## Task instructions
Reproduce the whole listing exactly, omitting any picture it holds.

## Supplied data
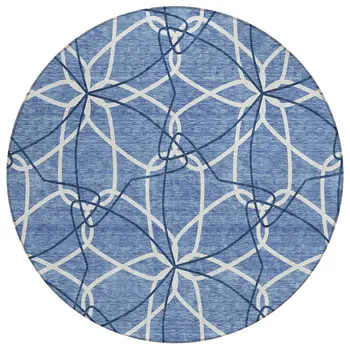 8' Denim Blue And Ivory Round Geometric Washable Indoor Outdoor Area Rug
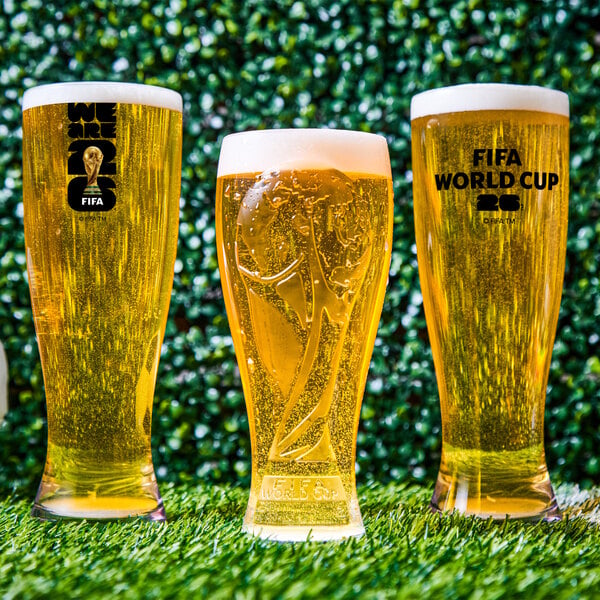 GET FIFA World Cup 2026™ 22 oz. SAN Plastic Pilsner Glass with Color Logo - 24/Case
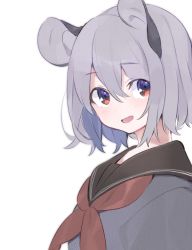 Rule 34 | 1girl, :d, akagashi hagane, alternate costume, animal ears, blush, commentary request, contemporary, grey hair, grey serafuku, hair between eyes, looking at viewer, mouse ears, nazrin, open mouth, red eyes, red neckwear, sailor collar, school uniform, serafuku, short hair, simple background, smile, solo, touhou, upper body, white background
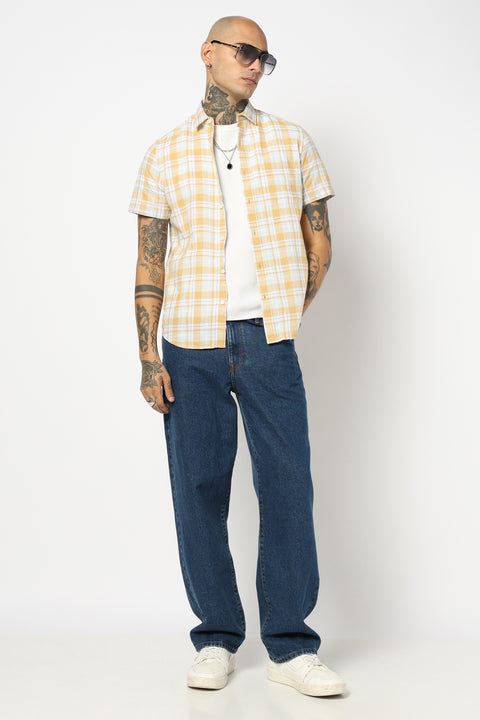 YELLOW TARTAN CHECKERED SHIRT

## Answer to this problem
 8' Denim Blue And Ivory Round Geometric Washable Indoor Outdoor Area Rug
 GET FIFA World Cup 2026™ 22 oz. SAN Plastic Pilsner Glass with Color Logo - 24/Case
 Rule 34 | 1girl, :d, akagashi hagane, alternate costume, animal ears, blush, commentary request, contemporary, grey hair, grey serafuku, hair between eyes, looking at viewer, mouse ears, nazrin, open mouth, red eyes, red neckwear, sailor collar, school uniform, serafuku, short hair, simple background, smile, solo, touhou, upper body, white background
 YELLOW TARTAN CHECKERED SHIRT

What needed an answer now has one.